Cecilia Cassandra Peña-Govea is a product of her upbringing. She writes and records music under the name La Doña, and her signature mix of Latin rhythms and San Francisco hip-hop is a tribute to the community she grew up in. Her new EP is called Algo Nuevo, or "Something New."
NPR's Lulu Garcia-Navarro spoke to La Doña about her musical and cultural upbringing — which included performing in her family's mariachi band at age 7, teaching traditional Mexican and Latin American music at an after-school program in San Francisco and the importance of creating reggaeton from a feminist perspective. Listen in the player above and read on for highlights of the interview.
Interview Highlights
On the diversity of San Francisco's Latinx community and its impact on her music
Growing up, my father played in a salsa band and it boasted members from Nicaragua, from Puerto Rico, from Mexico. That kind of represents to me what the Latinx community in San Francisco looks like.

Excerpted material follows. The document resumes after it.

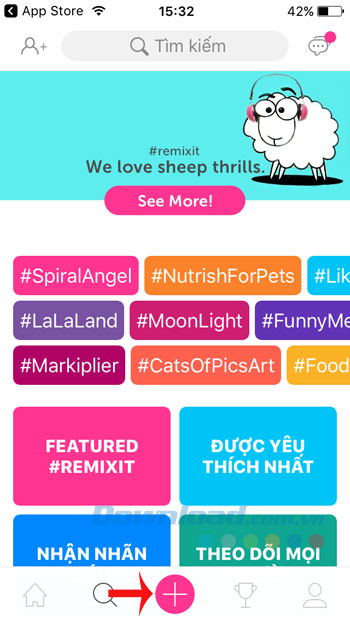 Giao diện chính PicsArt Giao diện chính PicsArt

It's not just super Chicano-based and all about Mexico. There's such a diversity within the Latino community that you don't necessarily see in the rest of California. I think that overwhelming mezcla or such a richness of influences shaped me and definitely shaped my musical practice. And you can see that through the music I do as La Doña.
On teaching mariachi as part of a program in San Francisco public schools
For me, it's really special and important because while I did grow up playing mariachi and playing ranchera, it was never really presented or prioritized in school. In San Francisco, we had a lot of cancellations of entire music programs. Definitely, we didn't have mariachi, definitely we didn't have any types of Latin music. [The program] makes kids feel more included by providing culturally relevant arts education. It kind of decentralizes this super European, western, Eurocentric music practice, which is all we really have access to. We're playing etudes and sonatas and really not ever seeing any worth given to the folk traditions that a lot of us hold.

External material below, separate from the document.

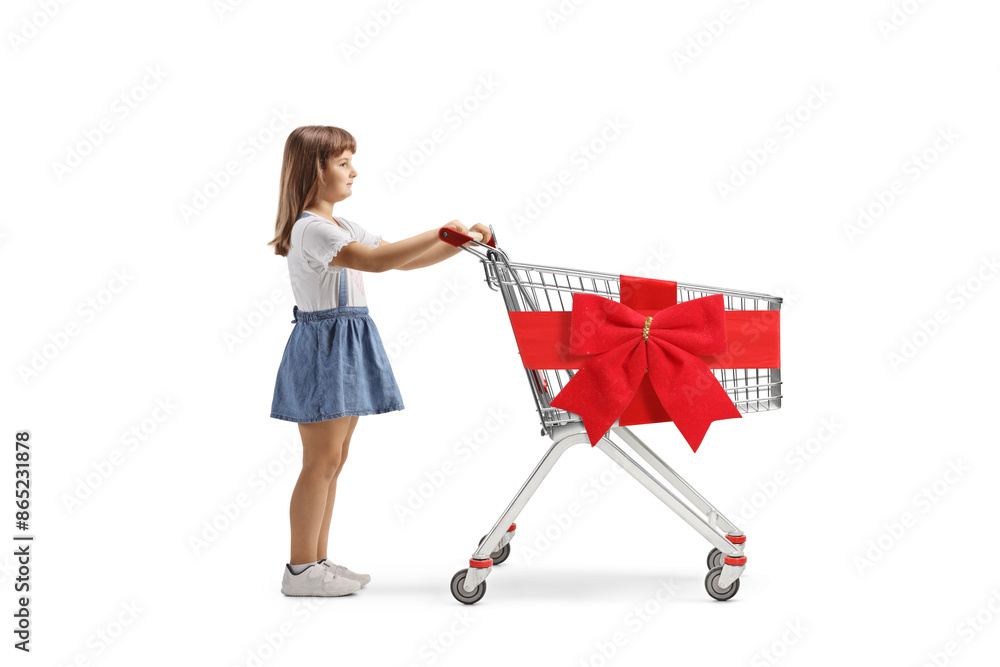 Little girl with an empty shopping cart tied with a red ribbon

I think it's so important to have a healthy, diverse city and youth community. To have an understanding of different cultures is super integral to that health. It makes me so happy. It brings me to tears to see my Cambodian or Thai or Black students singing at the top of their lungs these songs that are derived from super indigenous Mexican and Latin American traditions.

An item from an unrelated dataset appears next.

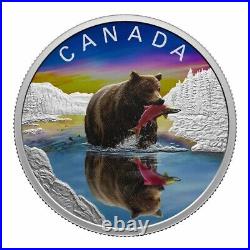 2024 CANADA GRIZZLY BEAR Wildlife Reflections $20 1oz. 9999 Pure Silver Coin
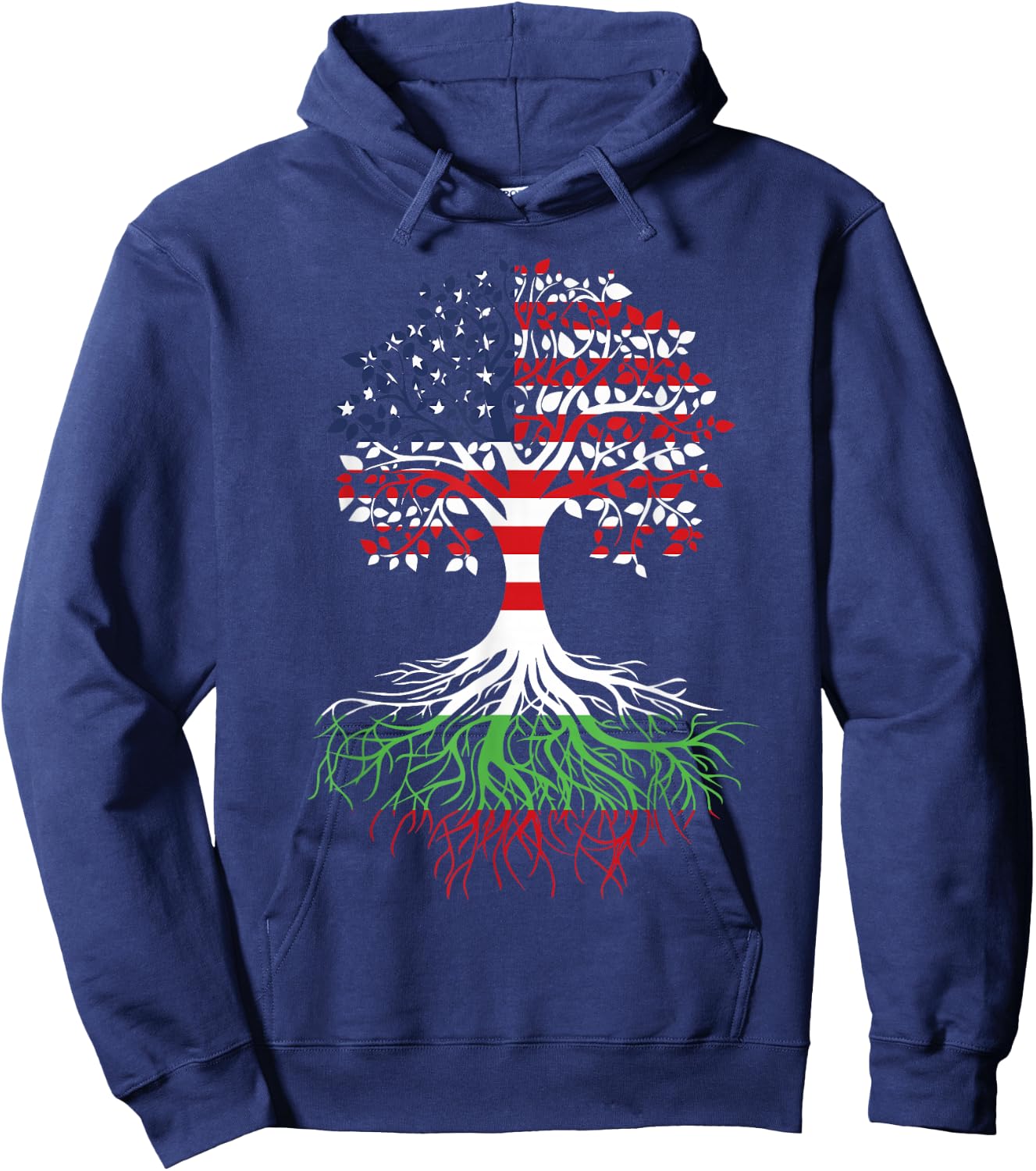 Bulgarian Roots American Grown Tree Bulgaria Flag Art Gift Hoodie - Hoodie | Navy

On "femmeton," the term she coined to describe her feminist reggaeton
It's reggaeton, but recentering around a feminist perspective and a feminist experience. I think that this is important because reggaeton, and a lot of popular music that we see across genres, are really centered along a male perspective. And this tends to deliver a lot of misogynistic and chauvinistic and unhealthy messages to quite a young and huge audience.